* PROBLEM DESCRIPTION:
The entries that follow must be given again exactly, with the pictures excluded.

DATA FOR THIS EXERCISE START

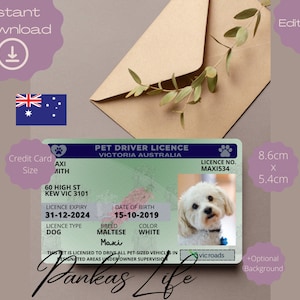 Bewerkbare fantasiespel Victoria Australia huisdier rijbewijs sjabloon rijbewijs dier afdrukbaar speelgoed licentie honden rijbewijs huisdier-ID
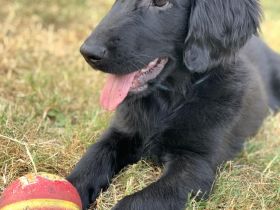 Flat Coated Retriever der FCI, der bereit zur Abholung ist. Er kommt mit einem Reisepas
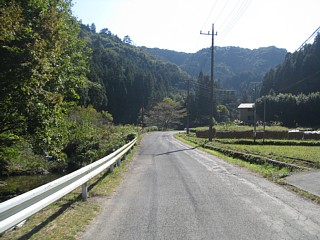 photo-20111029-4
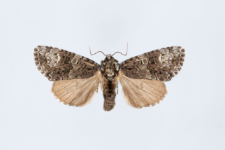 Craniophora ligustri
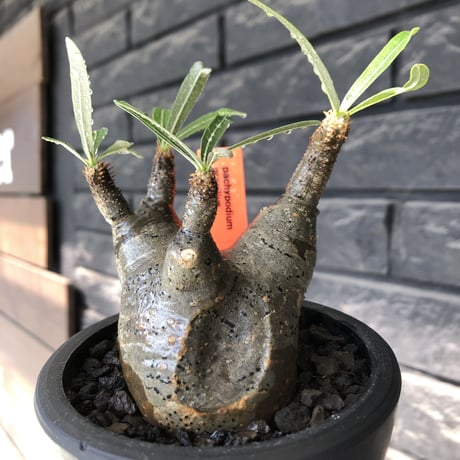 pachypodium gracilius《大きめS size》※現地球発根後店主国内管理3年株※短枝の上、岩肌なあたって育った想像ができる味深き凹みを持つ一株※mad black pot植え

DATA FOR THIS EXERCISE END

* OUTPUT:
 Bewerkbare fantasiespel Victoria Australia huisdier rijbewijs sjabloon rijbewijs dier afdrukbaar speelgoed licentie honden rijbewijs huisdier-ID
 Flat Coated Retriever der FCI, der bereit zur Abholung ist. Er kommt mit einem Reisepas
 photo-20111029-4
 Craniophora ligustri
 pachypodium gracilius《大きめS size》※現地球発根後店主国内管理3年株※短枝の上、岩肌なあたって育った想像ができる味深き凹みを持つ一株※mad black pot植え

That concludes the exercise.